Exactly as written, print every line of the listing below and omit its pictures.

DATA SECTION:
______

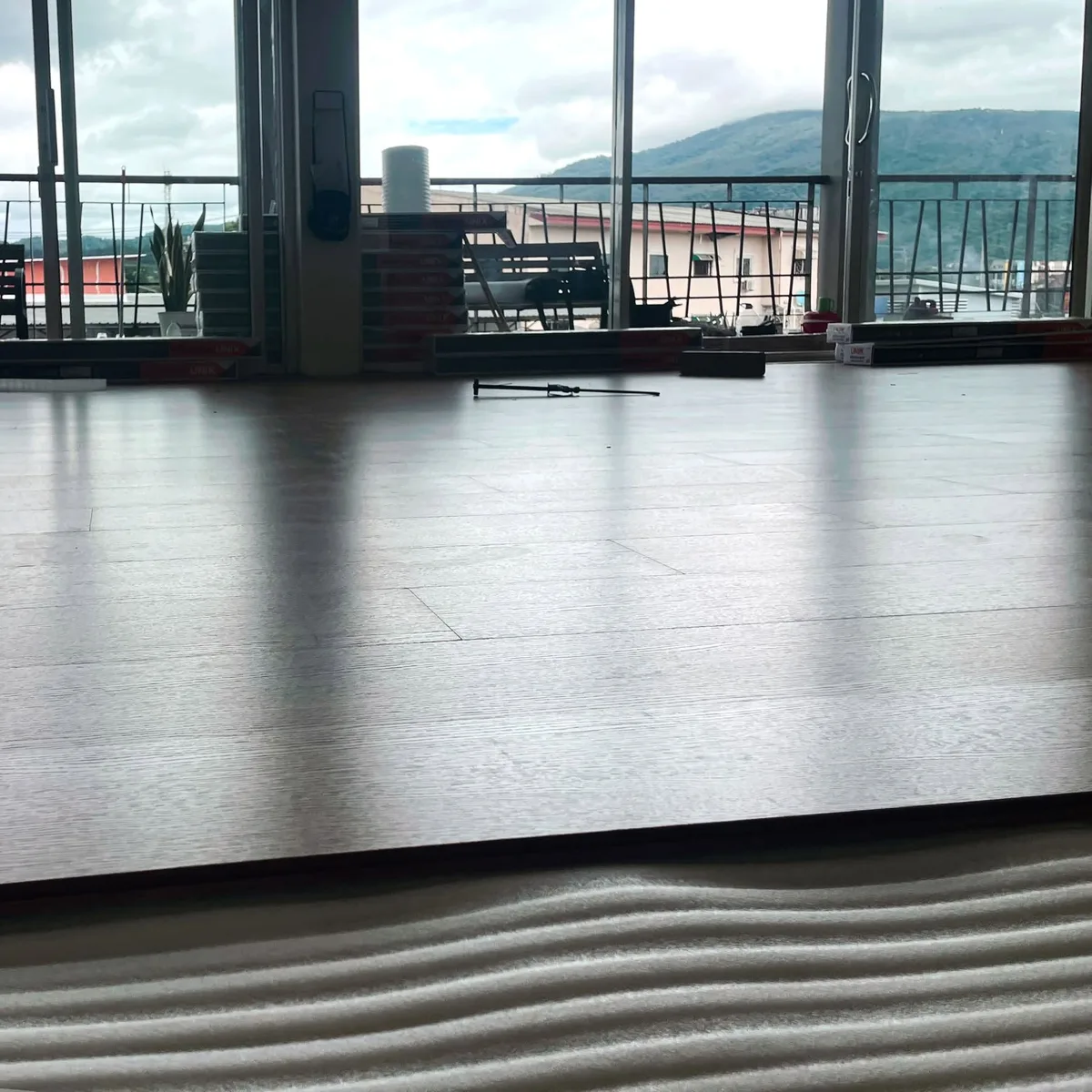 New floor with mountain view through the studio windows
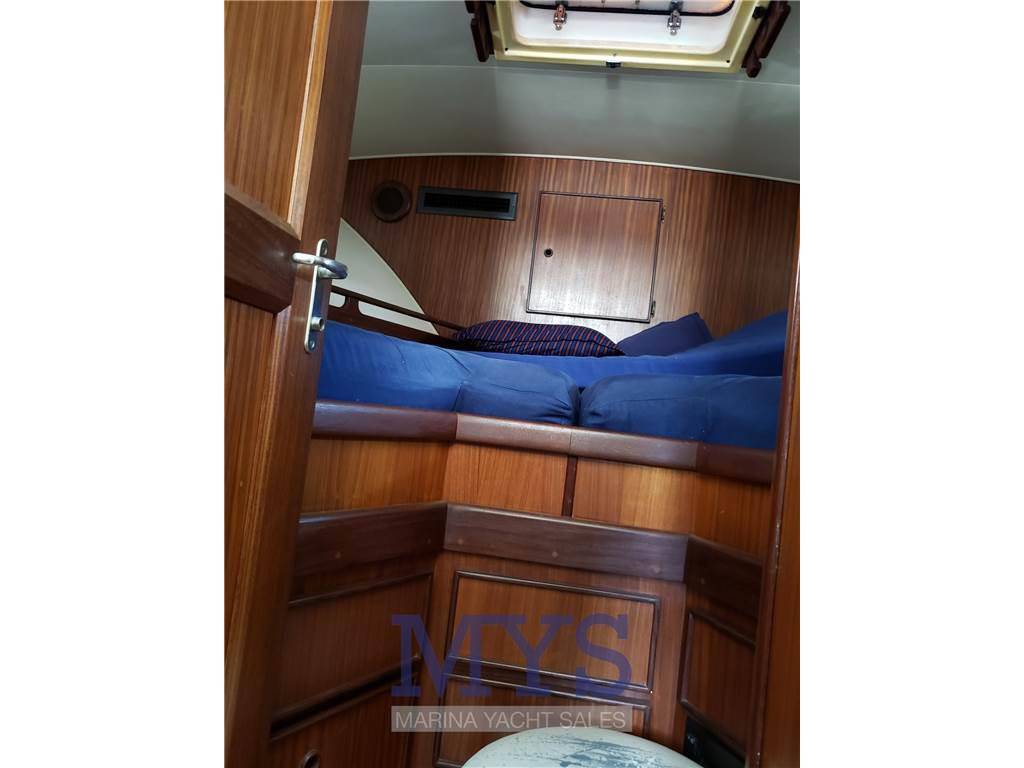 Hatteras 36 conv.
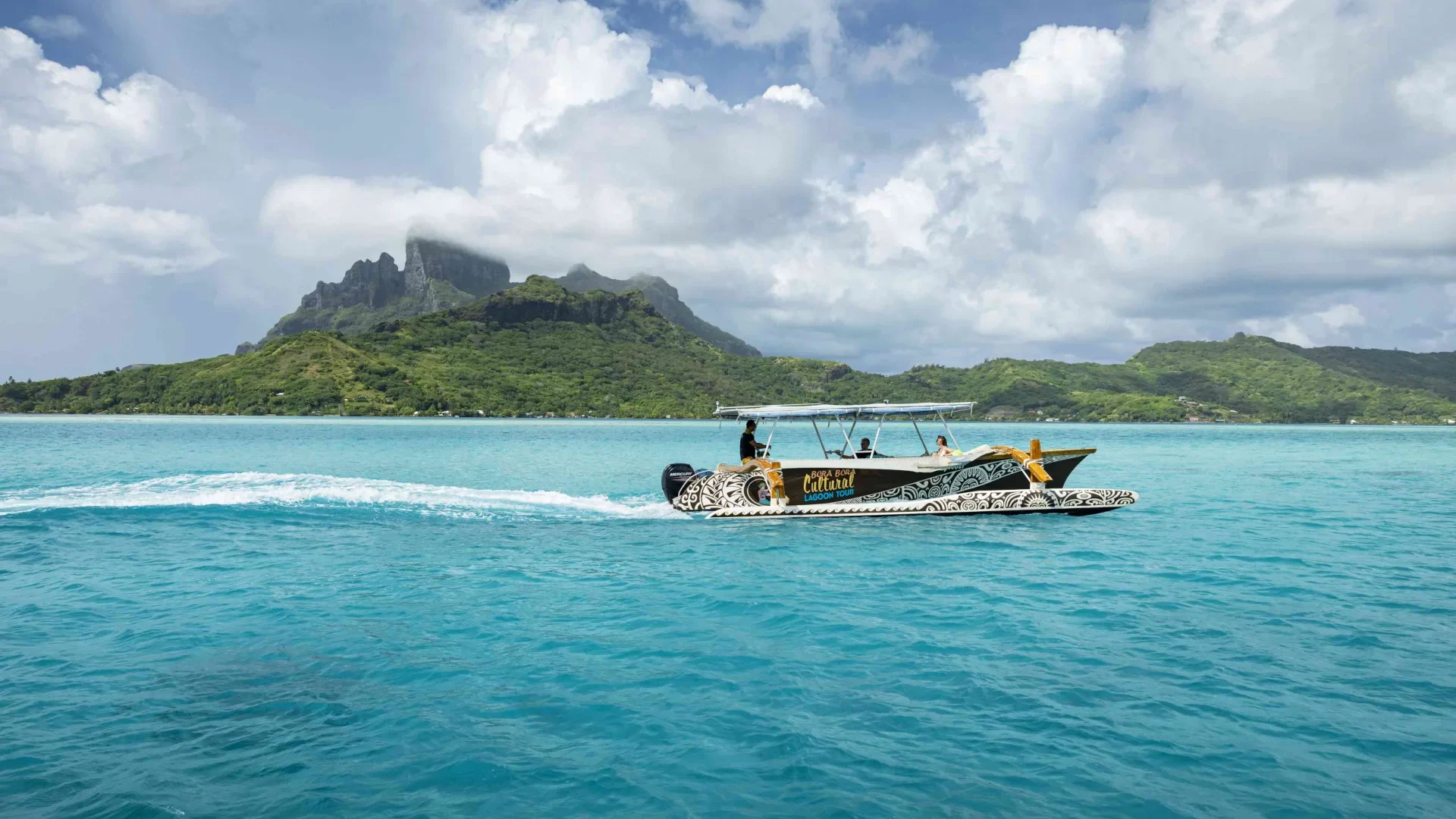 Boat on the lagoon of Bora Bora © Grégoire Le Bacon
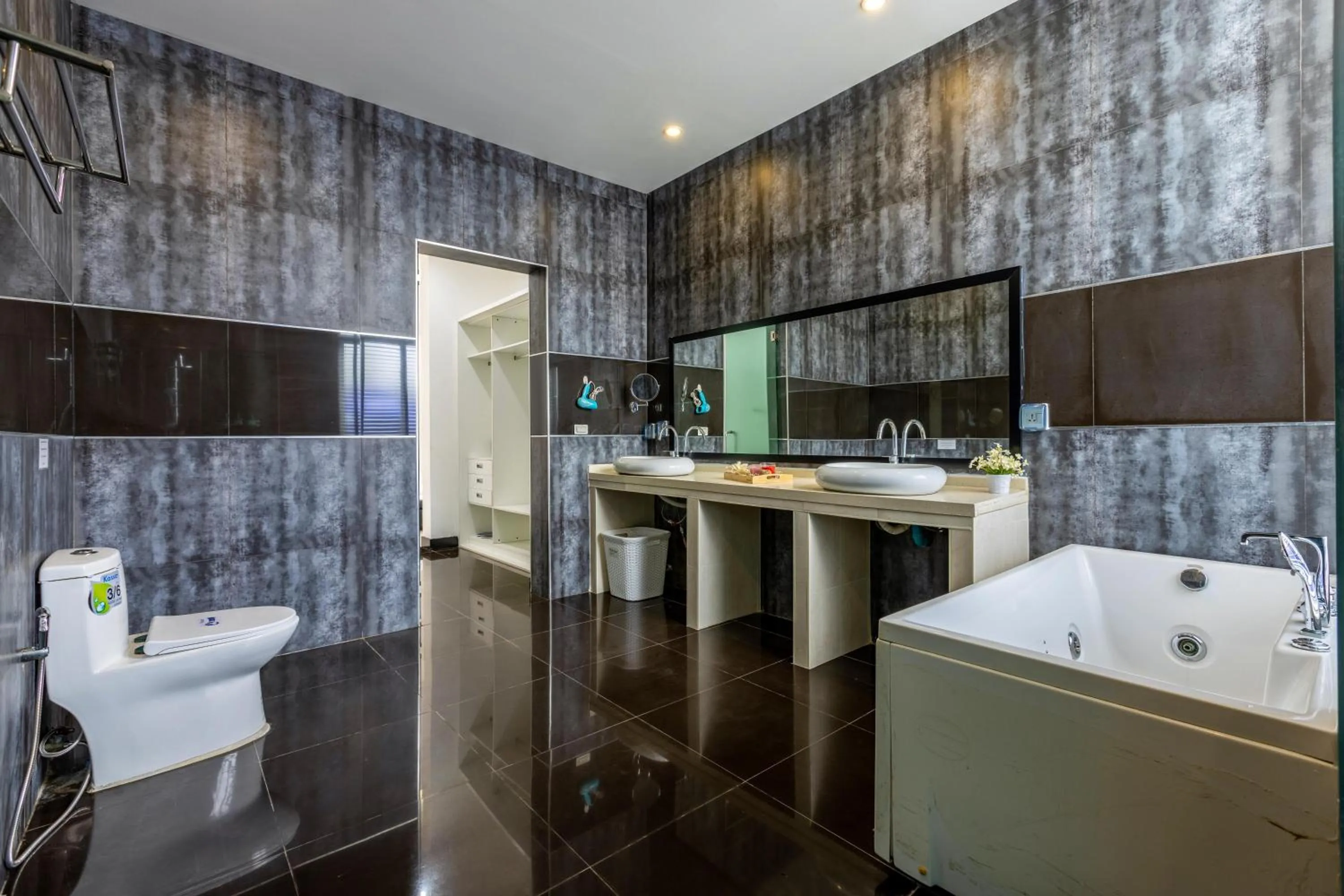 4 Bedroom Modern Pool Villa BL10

______

TASK RESULT:
 New floor with mountain view through the studio windows
 Hatteras 36 conv.
 Boat on the lagoon of Bora Bora © Grégoire Le Bacon
 4 Bedroom Modern Pool Villa BL10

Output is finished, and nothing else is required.